Sudeep kills Balan who has gone to explain his innocence. Enraged, Giri plans and kills Sudeep by faking a road accident. Shyam vows revenge on Giri, who along with his friend Teja, orchestrates the kidnap of Veni and strips her naked in the busy market. He also burns down Giri's water-bottling plant. Veni requests Giri to avenge the humiliation. Giri gets hold of Teja and extracts information on the next gold consignment worth ₹100 crore. He captures the gold, smuggles it back to Kerala in a KSRTC bus, and stabs Teja with a rabies infected knife.

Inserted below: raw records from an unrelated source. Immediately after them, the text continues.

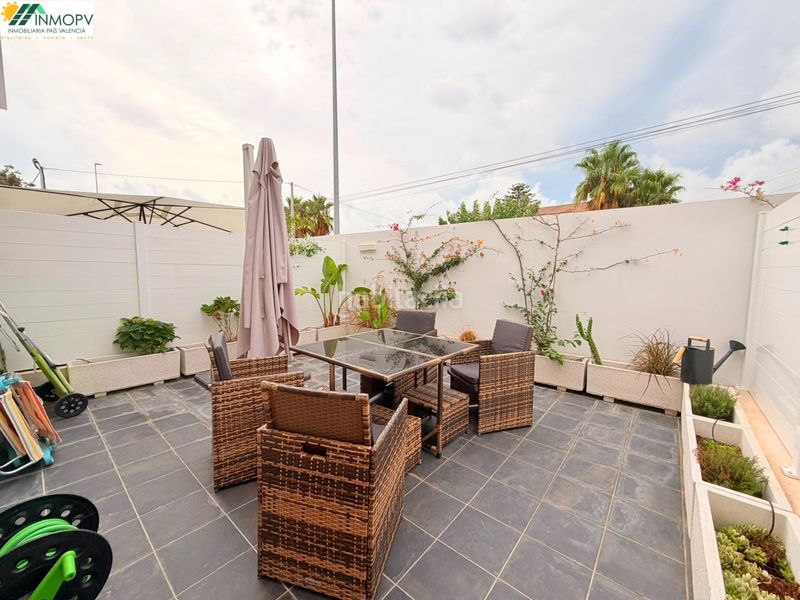 Foto 238e6f91-06cd-4825-b4af-32d7d285fb2b. Casa adosada vivienda adosada en urbanizacion privada Costa Norte zona barbiguera! primera linea del mar! en Vinaròs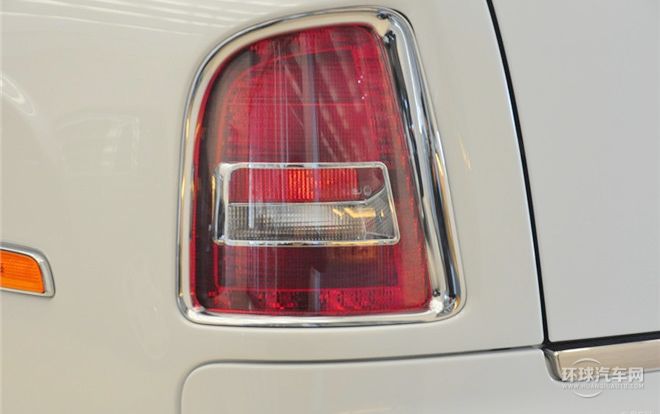 2013款 6.7 加長版(EWB)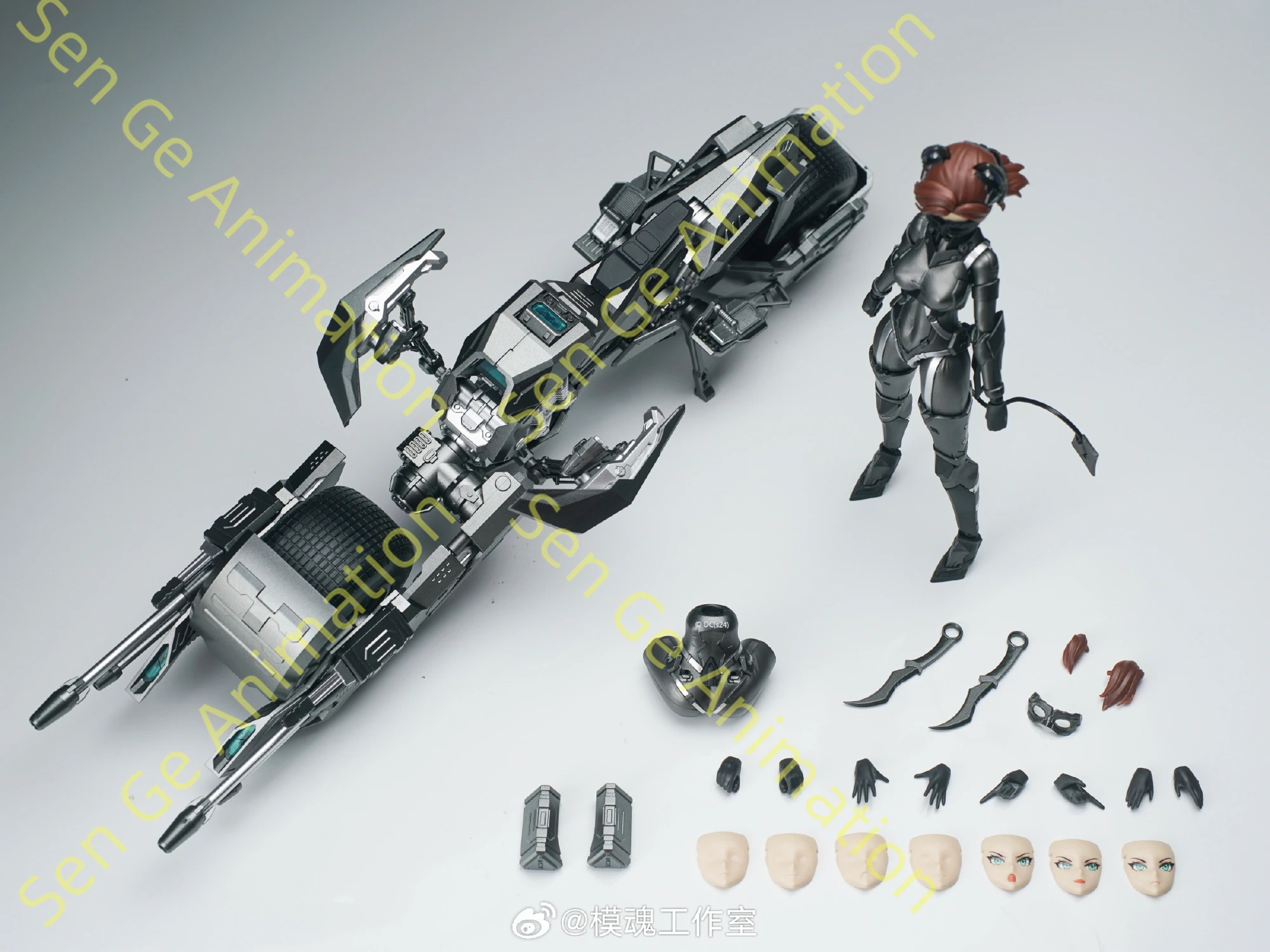 

[24 Hours Shipping] Soul Girl DC Cat Girl Motorcycle Assembly Model Machine Girl Zhan Ji Comic Mecha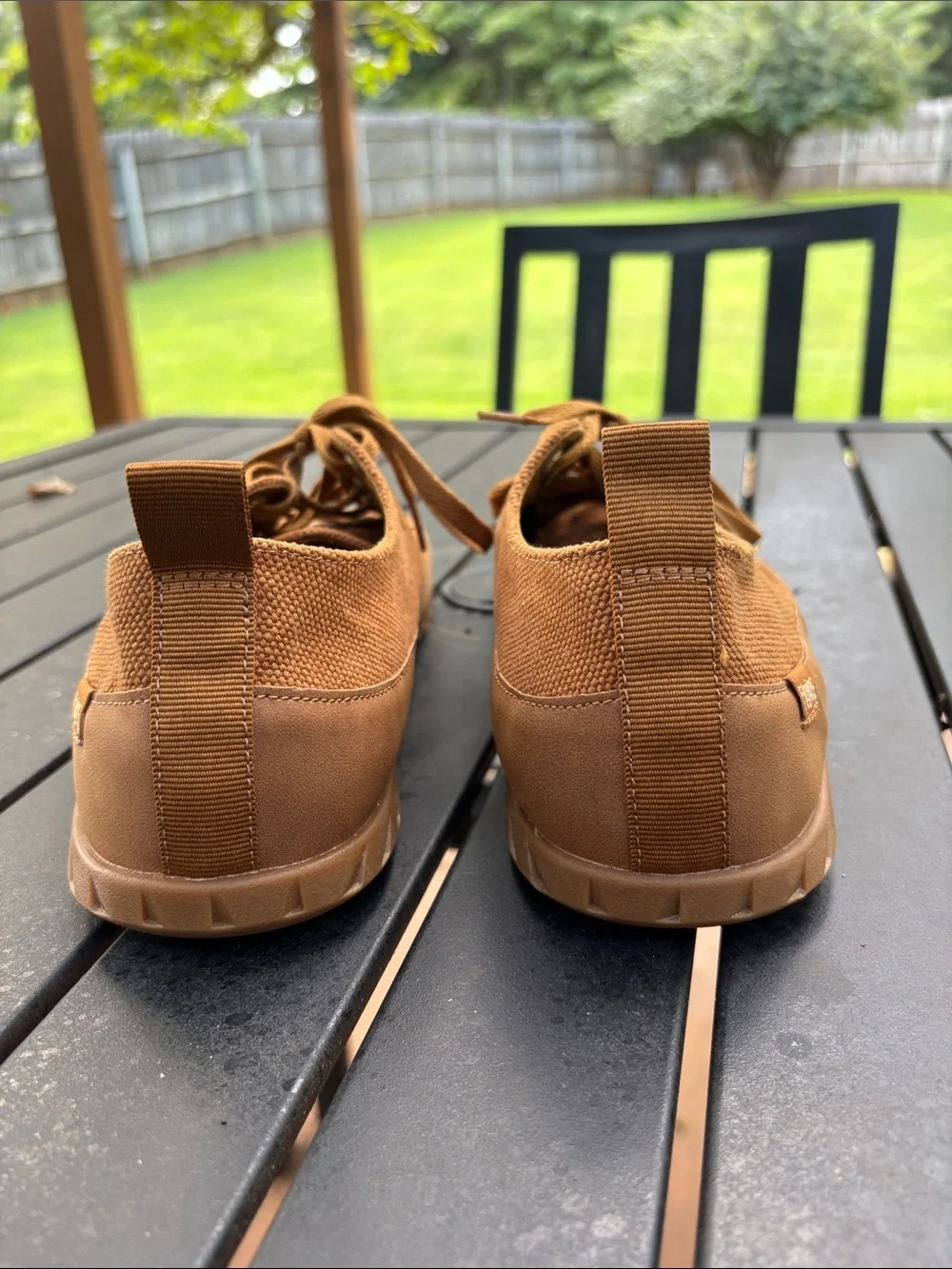 Flojos lace ups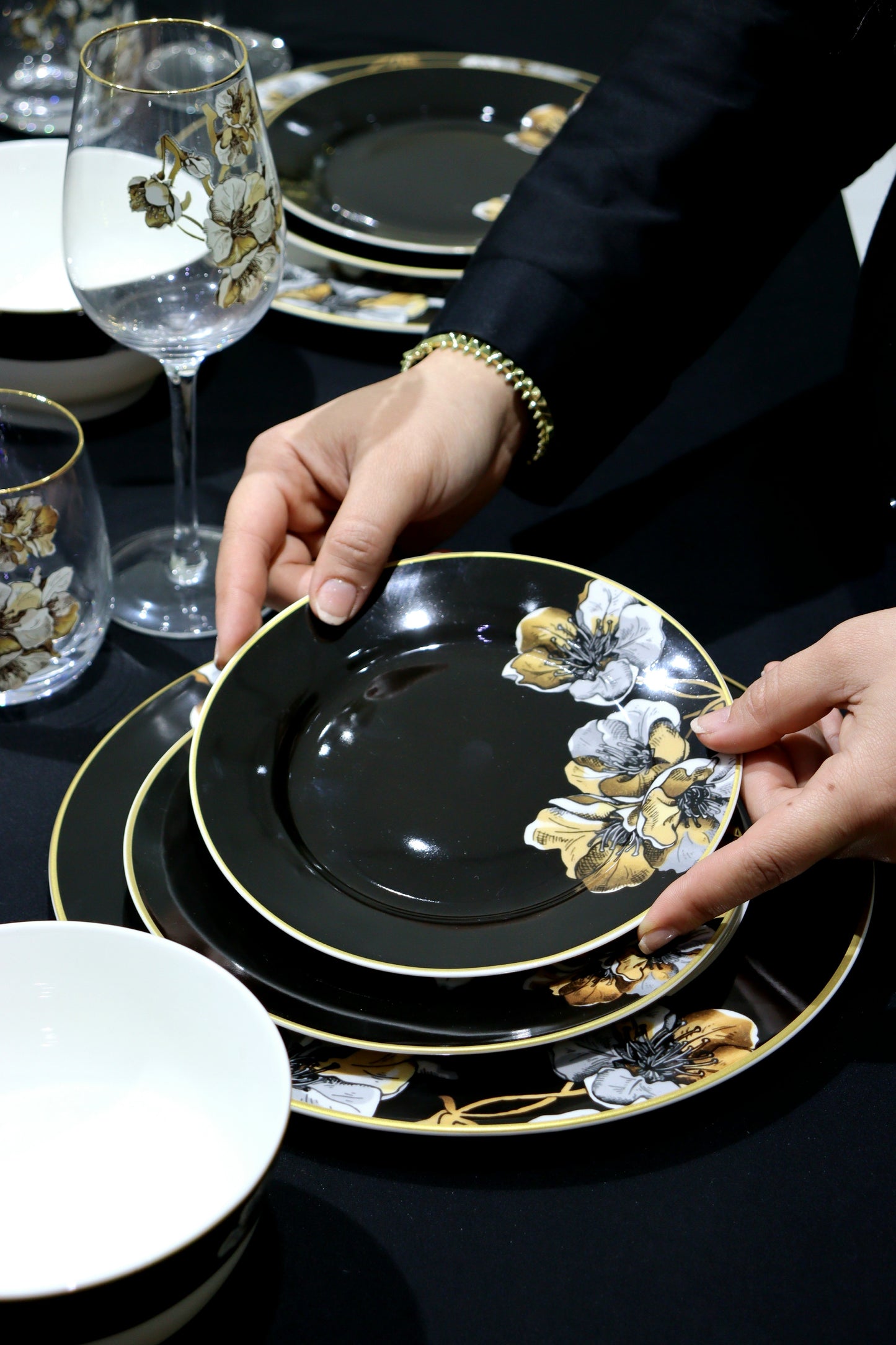 طقم المائدة الأسود الفخم المزخرف بالورود الراقية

Giri surrenders the gold to Moorthy, and Shyam orders a hit on Giri, who is attacked by a large group of hitmen. Though Giri manages to defeat the attackers, he is betrayed by his trusted lieutenant who stabs and leaves him to die. His other lieutenants, Alli and Murugan, find and kill the betrayer while Shyam learns that Giri is alive. With his business empire crumbling due to the lost gold, Shyam seeks a compromise with Giri on his lawyer's advice. Shyam and his lawyer meet the limping Giri in a local tea stall. While they meet, the tea stall owner kills Shyam as he killed his son in a hit-and-run case. In the aftermath, Giri resumes his peaceful life.

==Cast==

- Jayasurya as "Pullu" Giri
  - Adwaith Jayasurya as Young Giri
- Swathi Reddy as Krishnaveni
- Sabumon Abdusamad as Shyam Rangan
- Vijay Babu as Commissioner Raman Moorthy IPS
- T. G. Ravi as Vettoli Balan
- Mallika Sukumaran as Advocate Rajalakshmi (Vakkeelamma)
- Manikuttan as Alli
- Murugan as Sugreevan
- Binoy Nambola as Veru
- Sudev Nair as Sudeep Rangan
- Sreejith Ravi as SI Anand
- Sadiq as Sub Registrar George
- Govind Krishna as Rakesh
- Indrans as Murugan (Tea Shop Owner)
- Manesh Kumar
- Sudheer Karamana as SI Syed
- Hariprashanth M G as Edakkadan John
- Dr. Shaju as SI Kumar
- Vineeth Thattil David as SI Siby
- Jayaraj Warrier as Paulachan
- John Kaipallil as Teja
- Balachandran Chullikkadu as Jayamohan, Rangan brother's advocate
- Gayatri Arun as Giri's mother
- Valsala Menon as Veni's grandmother
- Saiju Kurup as Doctor (cameo appearance)

==Production==
Actor Jayasurya and producer Vijay Babu of Friday Film House were planning to associate together for a number of films after collaborating for Aadu and Aadu 2 and this was announced as a major project in their line up. The film was touted as a mass entertainer and was announced that the story was narrated in several chapters, each named after the various stages of the pooram, such as Kodiyettam and Vedikettu.

The film was shot in Thrissur, Hyderabad, and Coimbatore. Shoot officially commenced on 15 July 2019.

==Music==

Ratheesh Vegha composed the background score for the film's songs.

==Release==
The film was released on 20 December 2019.